The list of names includes two former managers of schools who were appointed Provincials of their religious orders, and a nun, Sister Xaviera (Severia), who famously defended her record on Prime Time after revelations of abuse emerged in the 1996 Dear Daughter documentary about Goldenbridge. She is given the pseudonym 'Sr Alida' and is accused of beating children and for letting her enthusiasm for the making of rosary beads at Goldenbridge become an "obsession".
Former Rosminian Provincial Fr Patrick Pierce, who managed the now infamous Ferryhouse school in Clonmel from 1975 to 1991, is given the pseudonym 'Fr Stefano'.
It notes that he failed to report the activities of a 'Br Bruno' – who is in fact the notorious sexual predator Sean Barry – to the gardaí until the mid-1990s. This was despite the fact that his "activities as a perpetrator of sexual abuse in Ferryhouse came to light in the late 1970s, following which he was dismissed from the order," it states.

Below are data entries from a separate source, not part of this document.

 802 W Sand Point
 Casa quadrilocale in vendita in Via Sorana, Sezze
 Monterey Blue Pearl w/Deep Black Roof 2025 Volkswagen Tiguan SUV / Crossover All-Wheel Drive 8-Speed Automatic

The late Fr William McGonagle, former Provincial of the Oblates of Mary Immaculate in Ireland, is 'Fr Luca' in the report. He ran St Conleth's reformatory school in Daingean, Co Offaly, from the mid-1960s until the early 1970s.
"Fr Luca's procedure would have tended to suppress rather than encourage allegations of sexual abuse in Daingean," the report states.
Sr Joseph Conception, who is now in her 80s, was resident manager of St Joseph's in Kilkenny until 1986.
She is given the name 'Sr Astrid' and receives criticism for her failure to act to reduce the risk to children from two care workers who were subsequently convicted for abuse: 'Thomas Pleece' who is David Murray and who was provided with a reference by Sr Conception, and his successor, 'Peter Tade', who is the late convicted abuser Myles Brady.
"[Sr Conception] eventually removed [Murray] and, later, [Brady] after complaints were made to her about them. However, she did not face up to what had happened to the children," the report states.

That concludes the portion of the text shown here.